Okay, so my new English GCSE tutor has given the class the most condescending homework I've ever been given - I'm almost twenty years old now, and a 500 word essay about my perfect holiday to act as some kind of gauge of my writing skills is borderline offensive. Regardless of the insult, I've written something anyway.
My 'dream holiday' would be an excursion from the weekly dull rigours of college life, which has long ceased to provide any challenge or stimulation. Day after day I'm asked to study information I already know, to compare poems of no relevance or interest to me in a handheld fashion that discourages personal discovery in favour of "academia". I would use the week away from my academic life to book a small hotel room in Paris or Helsinki with my partner, alternating between taking in the local customs and culture - wine and art in France, or Northern Lights and sleigh rides in Finland - to getting back in touch with my own creative roots.
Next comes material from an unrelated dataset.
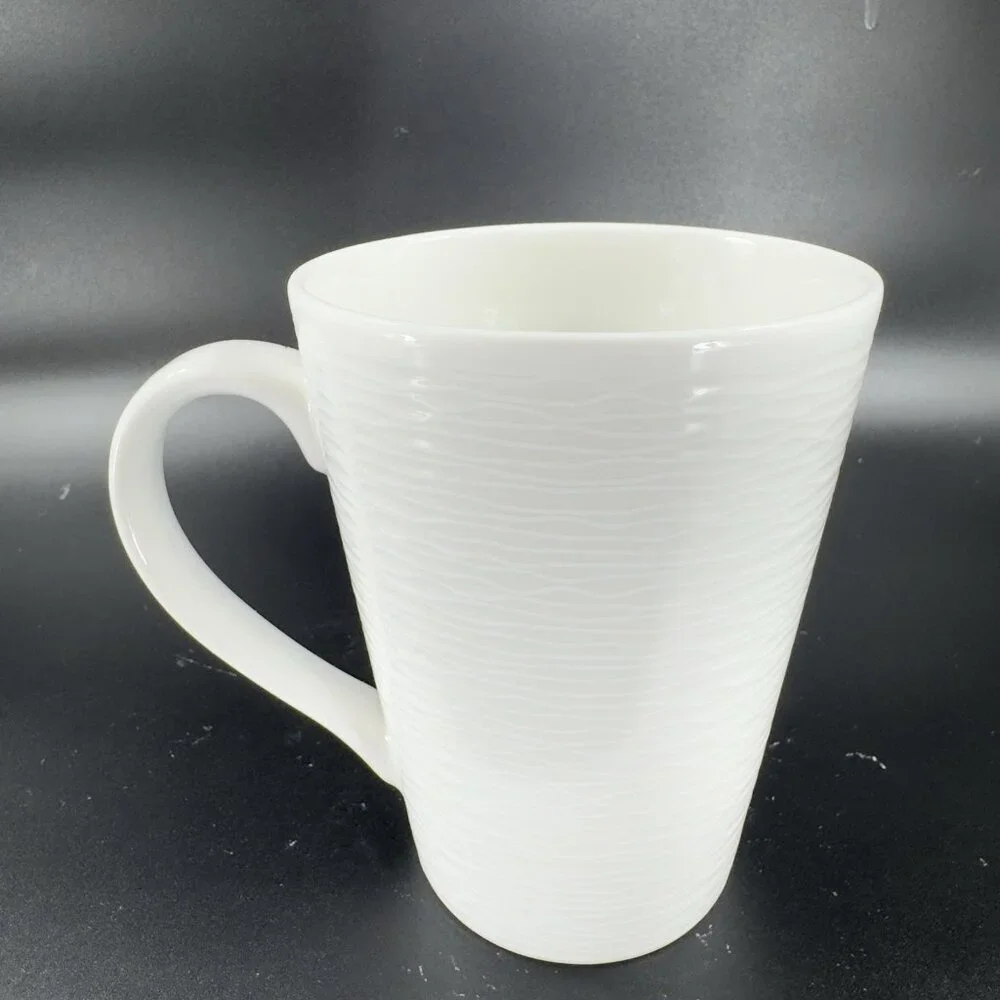 Noritake Colorscapes White‎ Wow Swirl Coffee Mug Cup Ceramic Set Of 2 Indonesia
I'd take a small collection of classic literature; a translation of the definitive Faust by Goethe, as much of the acidic, sharp wit of Oscar Wilde as I could possibly fit in my suitcase, contrasted with the melancholy mental meanderings of the solitary scribe, Edgar Allen Poe. With nothing but a pen and paper at my disposal, I would spend the evenings inspired by some of the greatest writers I've ever read, and finally exercise my own poetic muscles once more, painting paper with ink as I have not had the time to do in months.
In essence, it would be a getaway from my academic life, to better my creative life. I would dine on cuisine I'd yet to try - but not in Helsinki, because a traditional Finnish dish is raw reindeer genitalia. In France, I would try all the wine they had to offer, and try my best to experience every museum, gallery, and theatre.